[DATA SUPPLIED]

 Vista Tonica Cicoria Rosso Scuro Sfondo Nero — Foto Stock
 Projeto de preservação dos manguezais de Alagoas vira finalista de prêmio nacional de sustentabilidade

[/DATA SUPPLIED]
[DATA SUPPLIED]

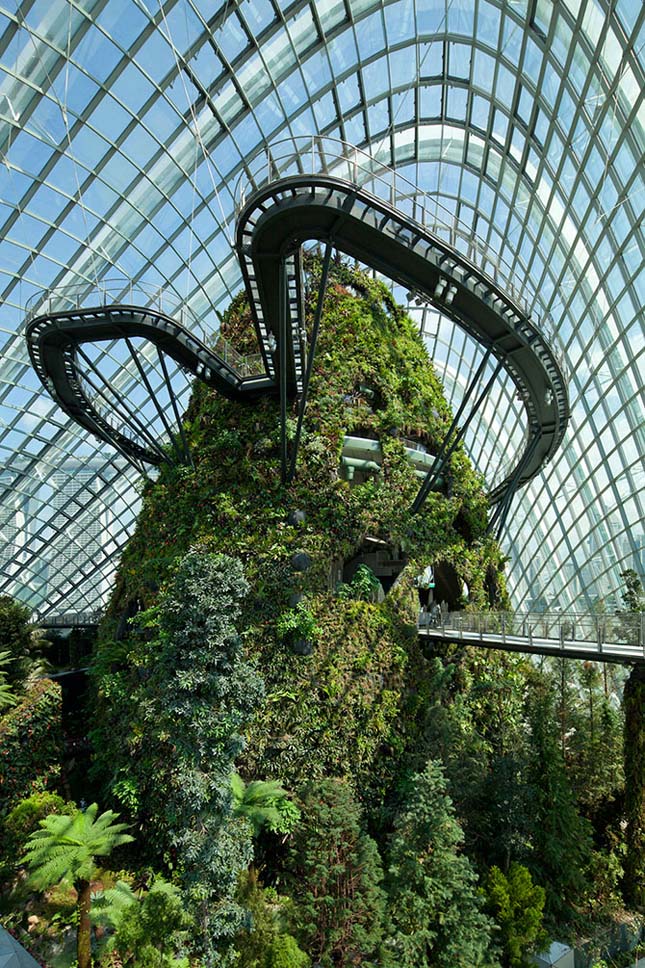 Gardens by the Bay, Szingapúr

[/DATA SUPPLIED]

WORK ORDER
Set down only the lines above that fall between the line holding "Vista Tonica Cicoria" and the line holding "Projeto de preservação", inclusive, keeping each exact.

THE COMPLETED TASK
 Vista Tonica Cicoria Rosso Scuro Sfondo Nero — Foto Stock
 Projeto de preservação dos manguezais de Alagoas vira finalista de prêmio nacional de sustentabilidade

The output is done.